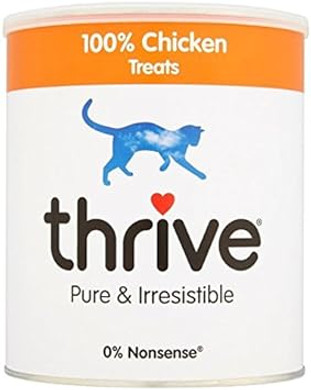Thrive 100% Chicken Cat Treats MaxiTube 200 g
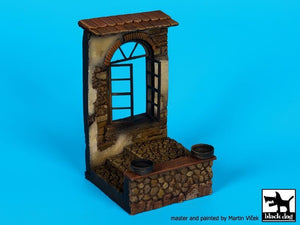 Socle de fenêtre de maison Black Dog D35067 1/35 – image 4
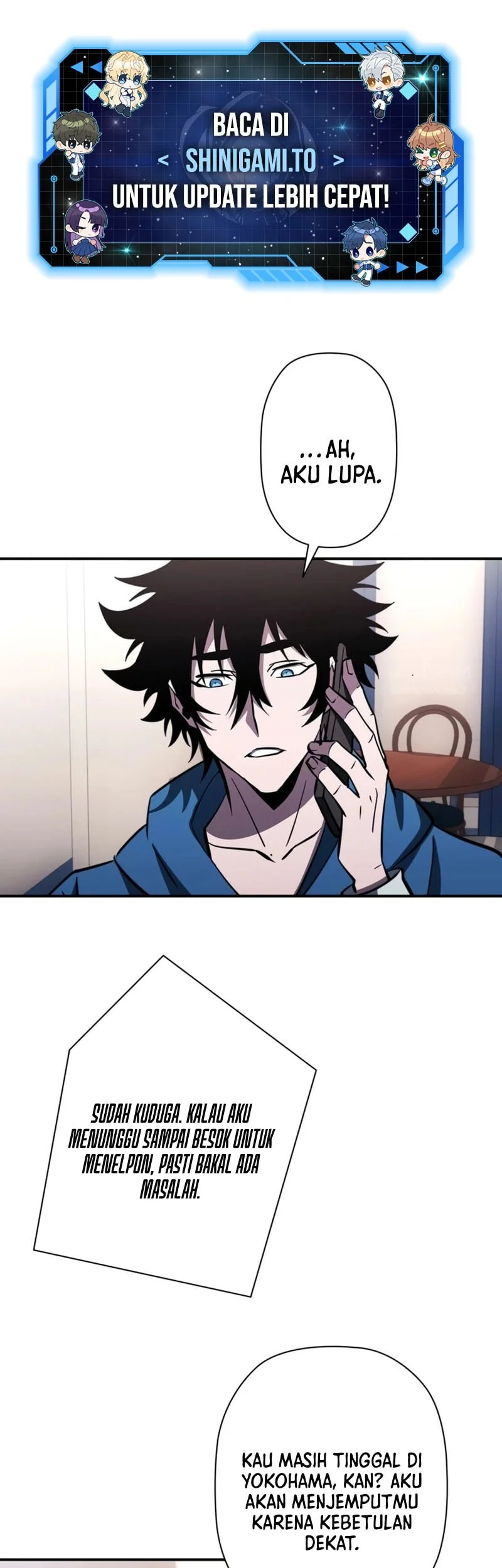 Manhwa World's Strongest Survivor Chapter 37 gambar 2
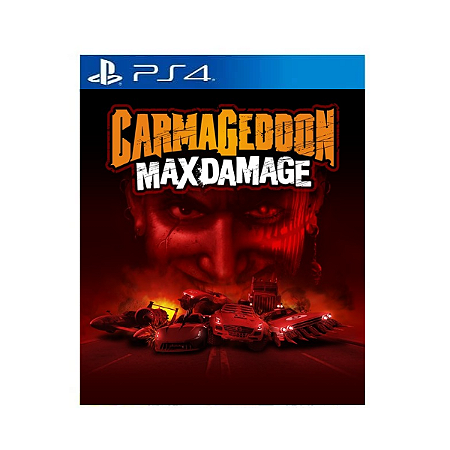 Carmageddon MaxDamage - Ps4 Mídia Digital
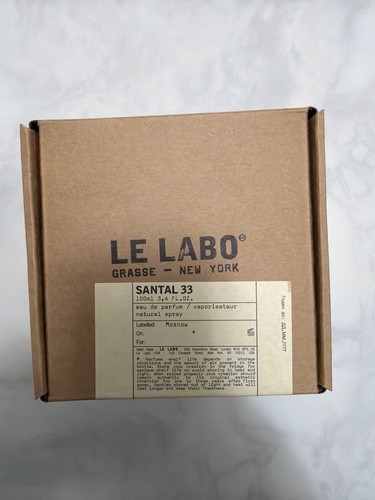 100 auth santal - santal, eau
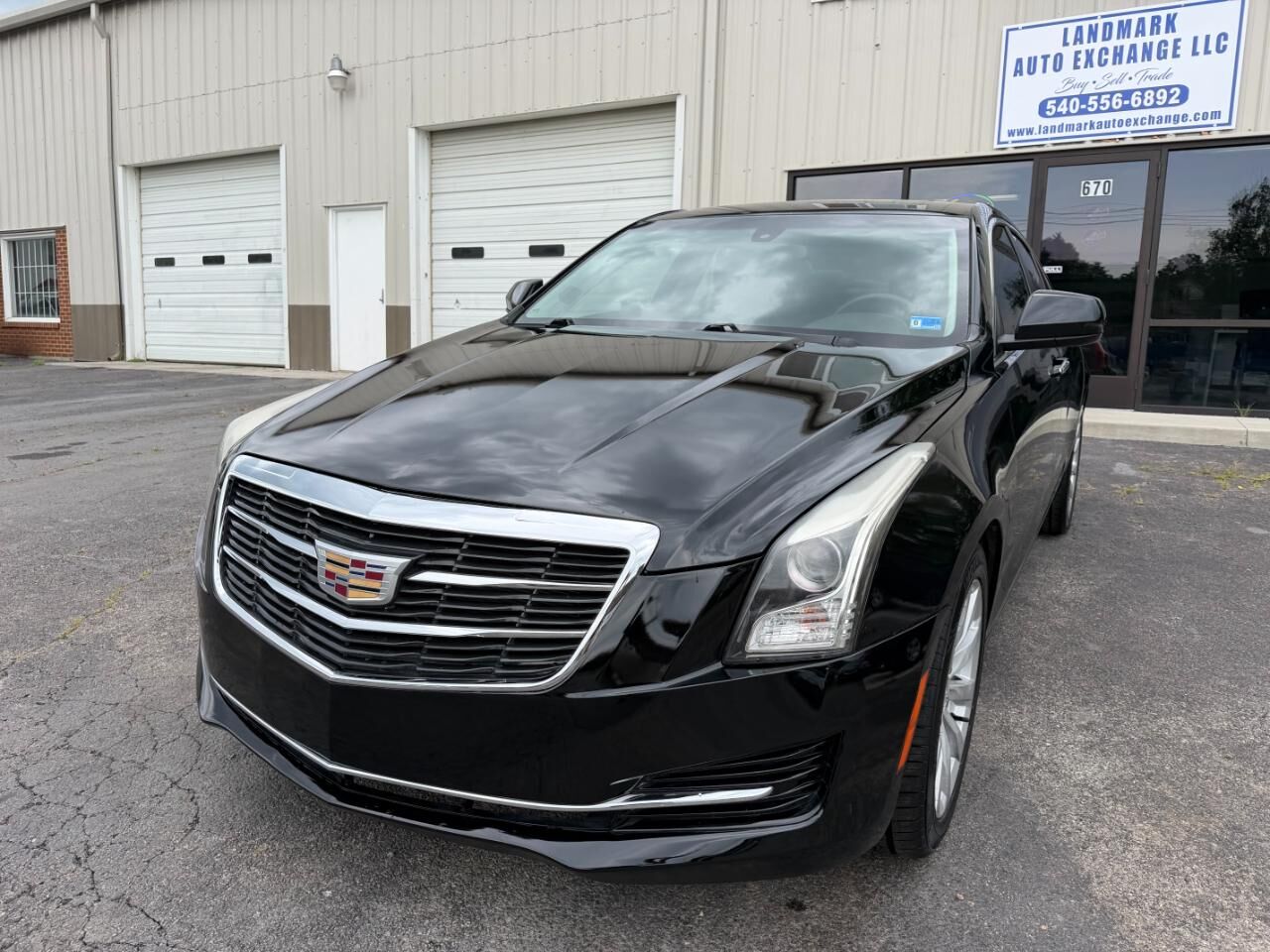 2017 CADILLAC ATS
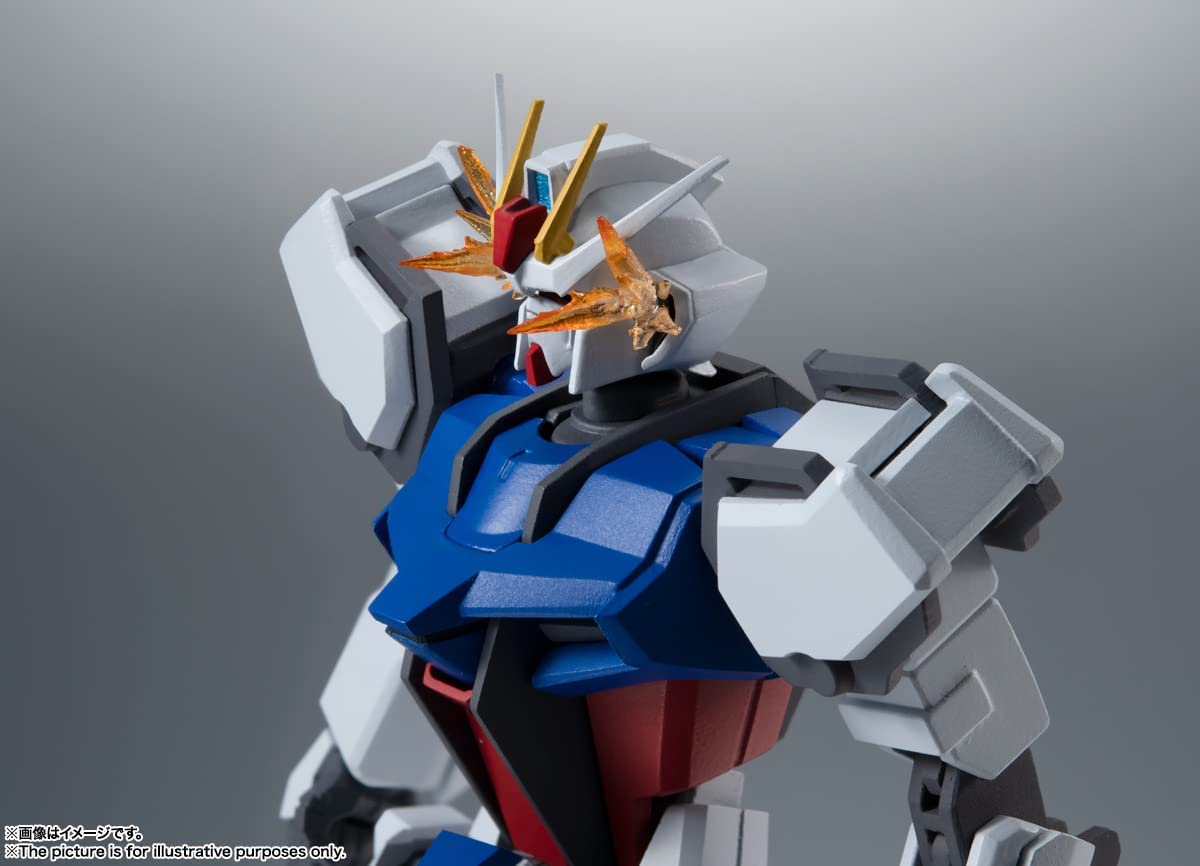 Tamashi Nations - Mobile Suit Gundam Seed - GAT-X105 Strike Gundam Version A.N.I.M.E., Bandai Spirits The Robot Spirits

### [WHAT IS EXPECTED]
Leaving the images out, print the records above exactly.

### [SOLUTION TO THIS PROBLEM]
Thrive 100% Chicken Cat Treats MaxiTube 200 g
 Socle de fenêtre de maison Black Dog D35067 1/35 – image 4
 Manhwa World's Strongest Survivor Chapter 37 gambar 2
 Carmageddon MaxDamage - Ps4 Mídia Digital
 100 auth santal - santal, eau
 2017 CADILLAC ATS
 Tamashi Nations - Mobile Suit Gundam Seed - GAT-X105 Strike Gundam Version A.N.I.M.E., Bandai Spirits The Robot Spirits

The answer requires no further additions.